Dans le contexte de ma tribu de 90 personnes se répartissant entre Asie, Europe et Amérique, cela implique nécessairement d’étaler l’événement sur 3, voire 4 jours ; c’est d’ailleurs ce que préconise SAFe depuis sa version 6). Il convient également de concentrer les réunions sur les milieux de journées, à l’heure française par exemple. Il m’a également été nécessaire de fractionner les “team breakouts” (des sessions ou les équipes se réunissent entre elles pour comprendre, estimer et découper les fonctionnalités attendues) entre matins et après-midis, et d’intercaler de nouveaux points de synchronisation internes à chaque équipe. À moins de disposer de Scrum Masters en nombre pour pouvoir assister les uns et les autres, il est indispensable de former et de responsabiliser autant que possible en amont les équipes et les contributeurs, afin qu’elles puissent suivre le processus de la façon la plus autonome possible. Pour autant, prenez garde à ne pas tomber dans l’écueil qui consisterait à anticiper et préparer l’événement trop en amont, le réduisant à une vaste chambre d’enregistrement, et le vidant ainsi de son sens.

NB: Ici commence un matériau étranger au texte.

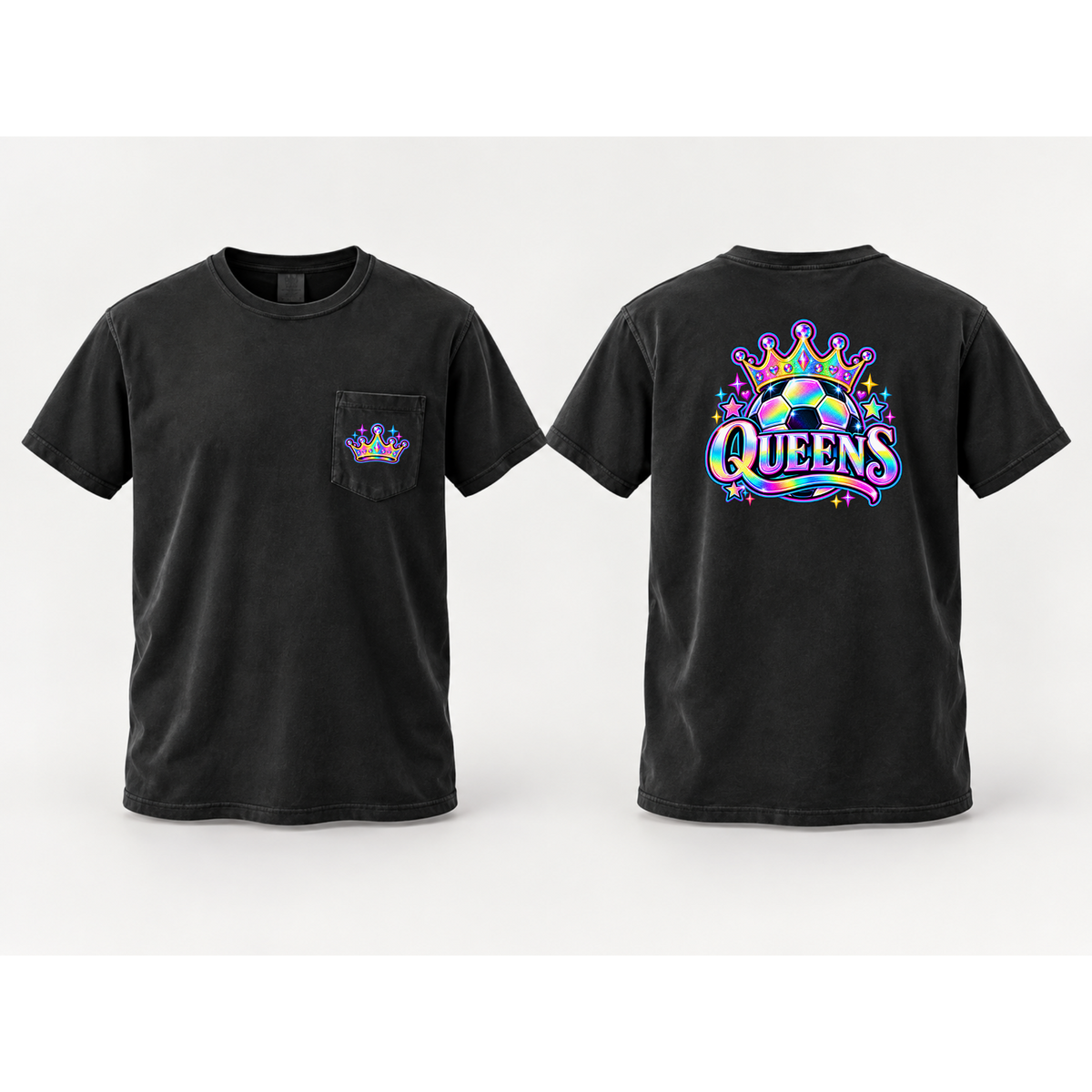 Queens Team Soccer Pocket T-Shirt Comfort Colors 6030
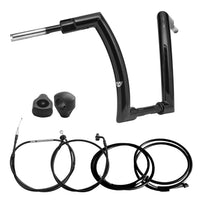Wings Custom Front King Rhino 2" Handlebar Kit with Clamps, Cables & Wiring - Fat Bob 18-24 (E-Throttle) - Gloss Black / Matte Black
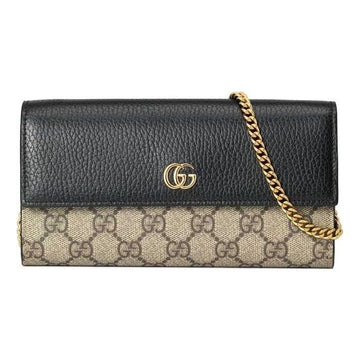 MLB Gucci GG Marmont Chain Wallet 'Beige Ebony' 546585-17WAG-1283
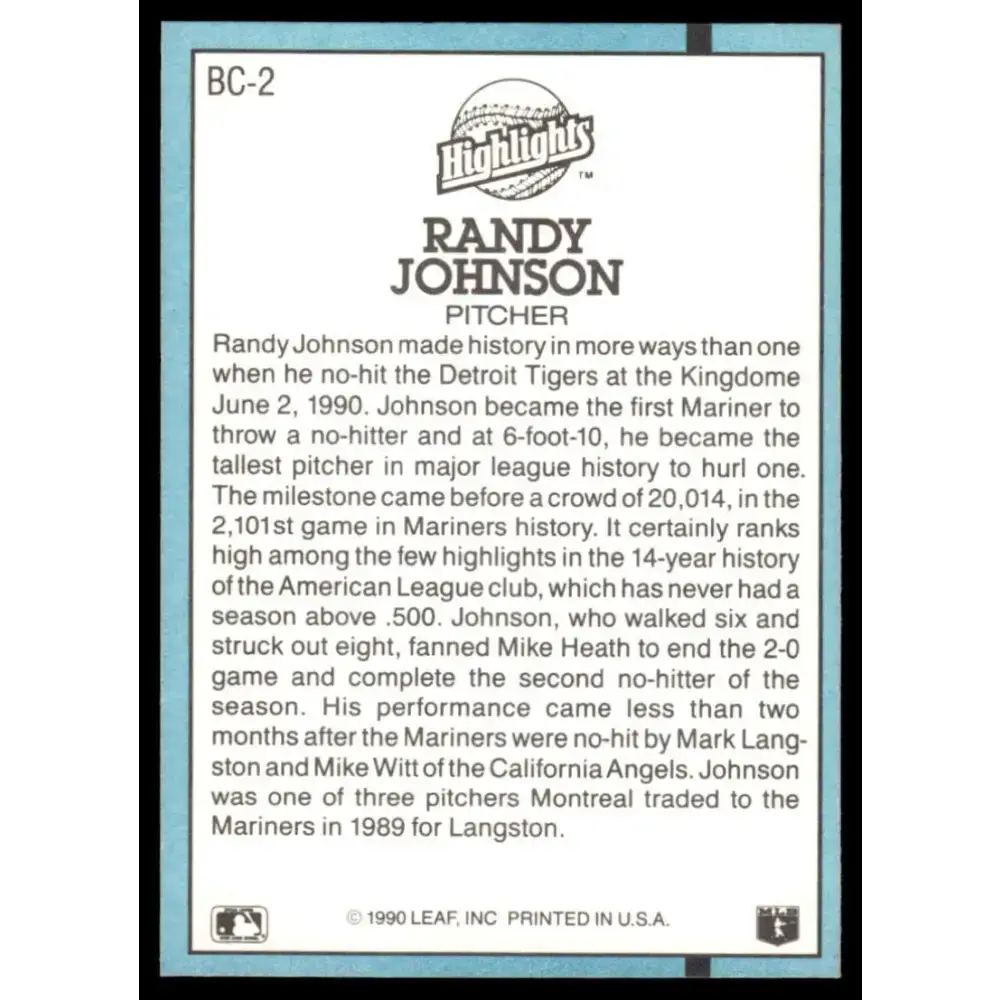 1991 Donruss #BC-2 Randy Johnson EX/NM Seattle Mariners Baseball Card - Baseball Card Single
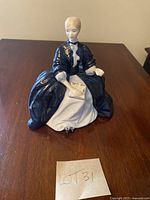 Front view of Royal Doulton Laurianne figurine seated with book in lap, wearing dark blue dress and white blouse details.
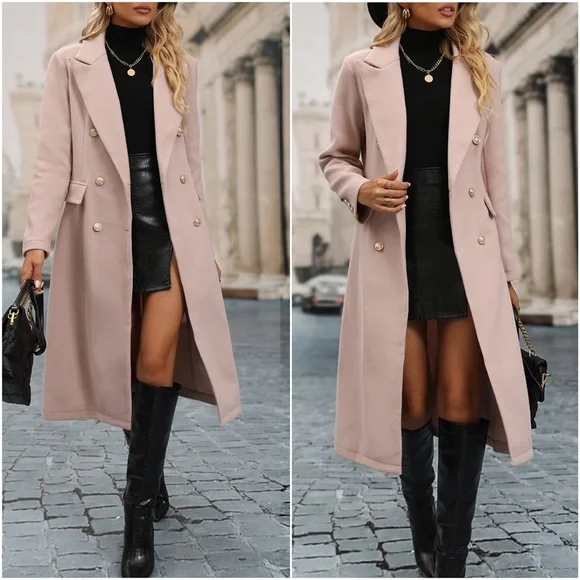 Classic Button Double Breasted Jacket Coat - Picture 3 of 3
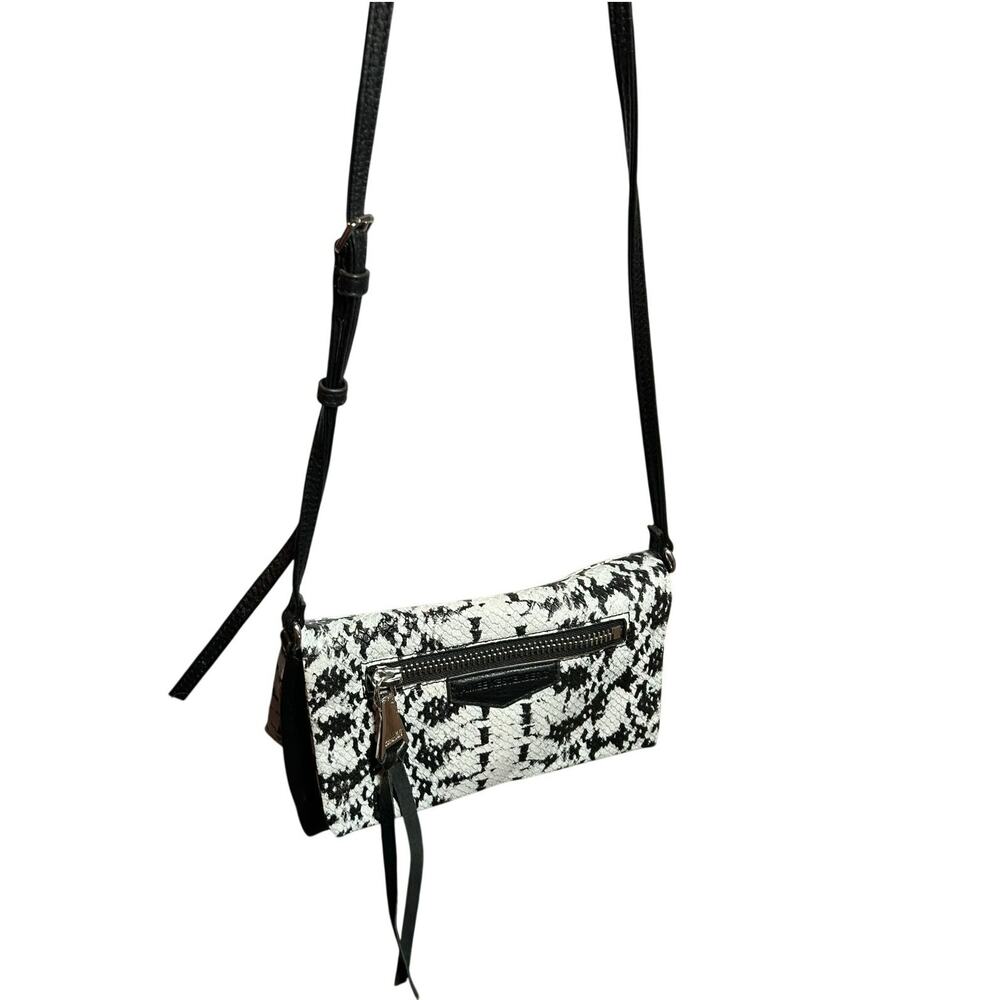 Aimee Kestenberg Bali Convertible Leather Crossbody Bag Snake Print Black White - Picture 7 of 15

💡 Des différences culturelles ? Peut-être vous attendiez-vous à ce que j’aborde la question des spécificités culturelles, et de la difficulté à faire travailler ensemble des gens si différents… Je dirais d’abord qu’il est préférable de manier cette question de façon prudente, tant elle peut être perçue ou interprétée différemment d’un pays à l’autre. Et puis j’ajouterai, et c’est de mon point de vue le plus important, qu’au travers de ces années passées à travailler avec des gens du monde entier, je n’ai jamais constaté que ces différences culturelles aient eu le moindre impact significatif sur la productivité, la qualité, la compréhension, ou sur les interactions entre les gens ou sur les processus de travail.

Une tribu internationale, un défi de taille

En conclusion, accompagner une tribu internationale dans un contexte mondialisé représente un défi de taille. Comme les grands empires du passé, qui ont dû coordonner de vastes territoires, notre tribu moderne doit surmonter des obstacles de distance et de temps pour travailler ensemble vers une vision commune. En tirant parti des outils technologiques disponibles, du meilleur des pratiques Agiles et en favorisant une culture de collaboration et de compréhension mutuelle, il est possible de transformer les obstacles en opportunités et de réaliser des succès durables dans un monde de plus en plus connecté et interdépendant.